The stimulating papers by Vijay Iyer and Aniruddh Patel seek to bridge the (ever-shrinking) gap between humanities and cognitive science, in order to tackle fundamental enigmas that have puzzled composers, performers, theorists, and listeners for centuries. To select just a few: What is the nature of the relationship between speech and melody? What is musical performance and how does it compare to the other sorts of actions we perform in our daily lives? What is the relationship between musical sound, our cognition of it, and the way that our bodies respond to it? Iyer and Patel propose solutions to these questions, supported by recent findings of controlled experiments and systematic statistical analyses. It would be redundant for me to summarize their findings here; instead, I will point to a few moments in the history of Western music theory when earlier writers asked these same questions and suggested similar solutions, albeit from a very different methods of inquiry.
Patel remarks that his study exploring the connection between instrumental music and the “rhythms and melodic patterns of speech” is based on “an intuition voiced by several musicologists and linguists over the last 50 years, namely that purely instrumental music can reflect the sound of a composer’s native language” (Patel 3). This intuition stretches back way further than only fifty years, however; it has a source in earliest Greek music theory. Aristoxenus begins his treatise Elementa Harmonica with reflections on the relationship between speech and song, lamenting that earlier writers paid insufficient attention to this vital topic:
First of all, the prospective student of melody must analyze the movement of the voice, its movement, that is, with respect to place [topos], for there is not just one variety of this movement. The voice moves in the kind of movement I have mentioned both when we speak and when we sing[…] but the two movements are not of the same form. Up to now no one has ever carefully defined what the distinguishing feature of each of them is[…] To understand them, it is necessary to discuss relaxation, tension, depth, height, and pitch, so as to say how they differ from one another[…] No one has said anything about these: people have grasped some of them not at all, others only confusedly. (Barker 127)

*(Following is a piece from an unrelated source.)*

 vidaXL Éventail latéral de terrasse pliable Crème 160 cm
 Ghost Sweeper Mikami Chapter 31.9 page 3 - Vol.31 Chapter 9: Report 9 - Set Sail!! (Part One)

Although Aristoxenus recognizes that speech and song “differ” from one another – and that these differences are what deserve the theorist’s attention – both are essentially and inextricably linked as divergent forms of that parent medium of human expression: the voice. Aristoxenus stressed the important role that empirical observation should play in any music theoretical investigation, examining differences between discrete categories of “relaxation, tension, depth, height, and pitch” with frequent appeals to perception and the capabilities of the average human listener. The first question Aristoxenus asks, about the relationship between speech and melody, is the same one Patel asks in his own research.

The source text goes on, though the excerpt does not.